## PROBLEM TO SOLVE
From the material below, please set down exactly the lines starting with the one with "Gua Sha készlet" and going on through the one with "Городской космический Shuttle", without a single picture.

## DATA
★ ★ ★ ★ ★

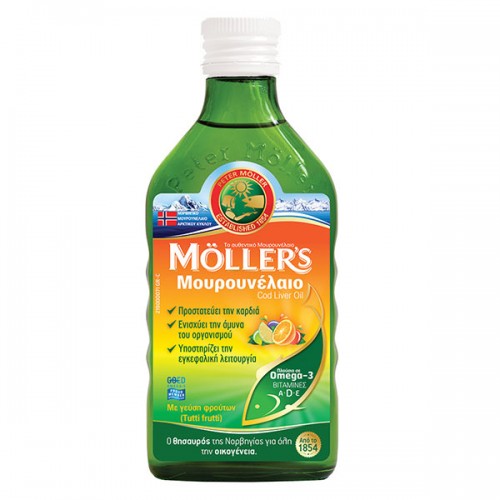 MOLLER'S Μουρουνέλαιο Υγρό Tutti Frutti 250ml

★ ★ ★ ★ ★

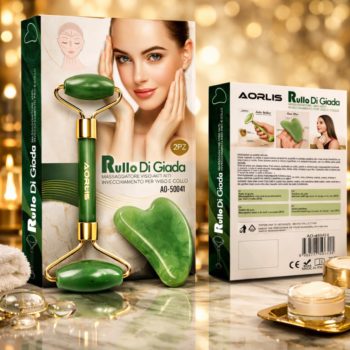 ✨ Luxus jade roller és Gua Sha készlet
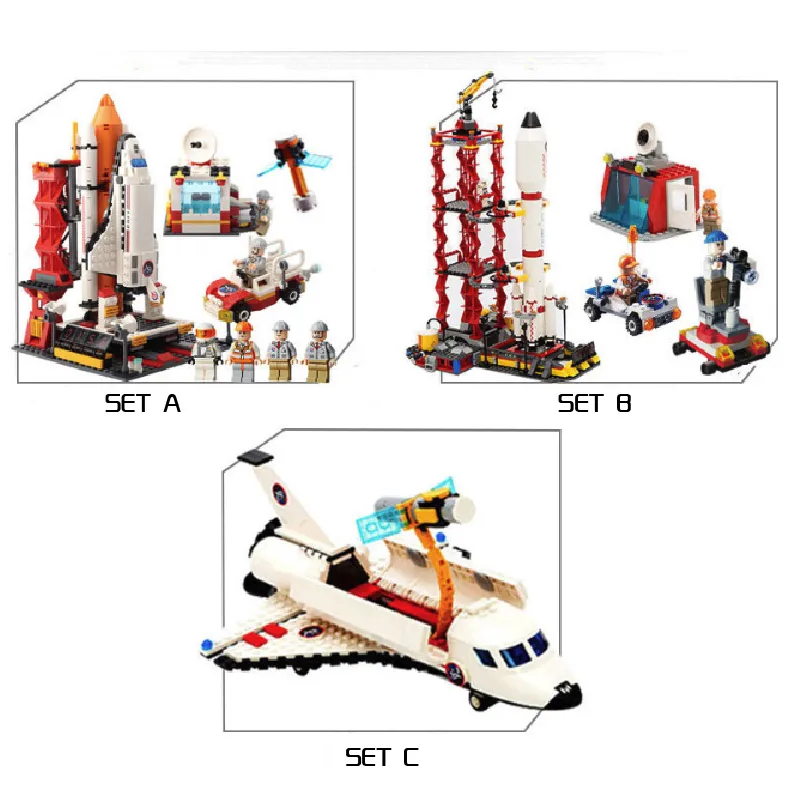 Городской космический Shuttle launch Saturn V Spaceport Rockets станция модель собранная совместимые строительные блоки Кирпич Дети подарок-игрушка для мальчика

★ ★ ★ ★ ★

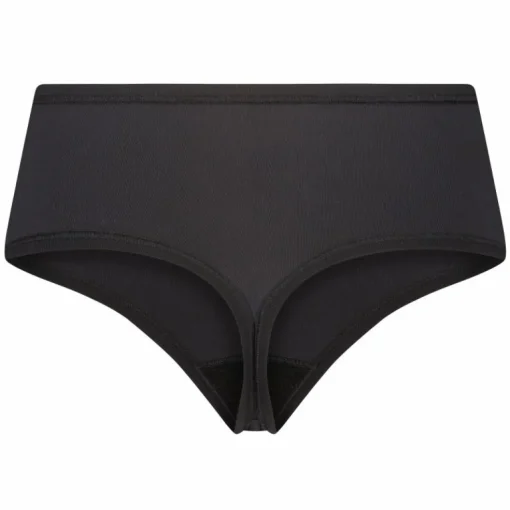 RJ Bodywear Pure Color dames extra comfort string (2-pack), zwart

★ ★ ★ ★ ★

## ANSWER TO THE PROBLEM
 ✨ Luxus jade roller és Gua Sha készlet
 Городской космический Shuttle launch Saturn V Spaceport Rockets станция модель собранная совместимые строительные блоки Кирпич Дети подарок-игрушка для мальчика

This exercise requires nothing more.